Чтобы объяснить Якобу новые правила, Нефёдычу хватило пары минут. Всё-таки когда речь идёт о личной безопасности, то человек становится на редкость понятливым. Выслушав нотации, Якоб несколько раз кивнул, протяжно сказал: «Та-а», – и засеменил к пещере. Мы же с Нефёдычем пошли нарочито медленно, и первым молчание, что было неожиданно, нарушил он.
– Вы тоже думаете, что это кость?
– Очень похоже на то.
– Судя по слоистости, это может быть материал на основе кремния.
– Да?! Вы и в этом разбираетесь?
– Немного… У меня, знаете ли, неплохая базовая подготовка.
– Вы учёный или военный?
– И тот, и другой… Я из тысяча девятьсот тридцать восьмого года. Московский институт… Впрочем, это уже неважно.
– А я из две тысячи двадцатого. Из маленького городка на севере. Менеджер по продажам мебели. Работник торговли то есть.
– А что за мебель?
– Да, разная. Барные стойки, столы-стулья, полки-стеллажи. Мы в основном на общепит работали: на столовые там, на рестораны. А их все позакрывали, как и другие места большого скопления людей… У нас там эпидемия. Вирусная инфекция. На весь городок одна больница, и та под завязку забита. Смертей много.
– Чума двадцать первого века?
– Пока непонятно… Из бутылки то ли случайно, то ли нарочно, но вырвался если не сам джинн, то один из его толковых подручных.
– Хм… – Нефёдыч понимающе хмыкнул на мою витиеватую фразу. – Значит, здесь Вы решили спастись?
– Даже не знаю. Настроения дома, да и во всей стране и в мире, близки были к паническим, но когда мне пришла эсэмэска – короткое текстовое сообщение на переносной карманный телефон, то сначала я не поверил.
– Что было в том сообщении?
– Дословно: Мы можем Вас спасти, – Нефёдыч на этих моих словах вздрогнул, но вида не показал. – Далее в случае заинтересованности предлагалось ответить на сообщение комбинацией любых символов. Я, конечно, был уверен, что имею дело с мошенниками, которые будут запрашивать реквизиты моей банковской… моего банковского счёта, но скуки ради решил развлечься.
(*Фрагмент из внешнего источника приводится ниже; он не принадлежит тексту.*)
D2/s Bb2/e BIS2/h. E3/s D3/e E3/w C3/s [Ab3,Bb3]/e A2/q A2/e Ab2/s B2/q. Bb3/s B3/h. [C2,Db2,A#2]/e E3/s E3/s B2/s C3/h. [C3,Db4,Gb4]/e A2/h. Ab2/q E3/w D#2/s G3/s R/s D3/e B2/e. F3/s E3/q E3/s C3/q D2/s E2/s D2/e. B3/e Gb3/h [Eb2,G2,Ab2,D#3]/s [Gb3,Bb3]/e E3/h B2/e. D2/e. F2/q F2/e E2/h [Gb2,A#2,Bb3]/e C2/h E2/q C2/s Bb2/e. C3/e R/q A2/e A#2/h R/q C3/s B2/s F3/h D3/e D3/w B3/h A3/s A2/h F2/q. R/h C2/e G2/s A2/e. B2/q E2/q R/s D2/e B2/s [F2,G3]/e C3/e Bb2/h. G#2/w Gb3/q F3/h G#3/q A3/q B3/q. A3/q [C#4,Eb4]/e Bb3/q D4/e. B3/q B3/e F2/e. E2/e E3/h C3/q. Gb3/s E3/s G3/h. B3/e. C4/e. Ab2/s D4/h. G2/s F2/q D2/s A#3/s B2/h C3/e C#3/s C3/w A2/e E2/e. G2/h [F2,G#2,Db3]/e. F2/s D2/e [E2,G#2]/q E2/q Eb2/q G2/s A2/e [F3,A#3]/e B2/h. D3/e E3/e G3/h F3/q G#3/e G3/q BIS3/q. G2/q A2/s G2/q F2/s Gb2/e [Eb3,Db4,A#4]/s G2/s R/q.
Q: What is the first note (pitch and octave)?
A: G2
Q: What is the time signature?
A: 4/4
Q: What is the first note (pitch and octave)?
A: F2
– У вас распространено мошенничество по телефону?
– О да. И вот это точно – чума двадцать первого века!
– О времена, о нравы, – Нефёдыч улыбнулся краем рта, считав мой сарказм. – А дальше?
– А дальше пришло другое сообщение, только уже записанное голосом, ну как через фонограф. Мне, следуя этой инструкции, нужно было в определённое время выйти на балкон собственной квартиры. При себе не должно было быть ни документов, ни тёплых вещей. Часы, ключи, телефоны и златые цепи также исключались. Я обул ботинки, натянул джинсы, накинул куртку – всё-таки был не май месяц – и вышел к условленному часу на балкон. Так я оказался здесь.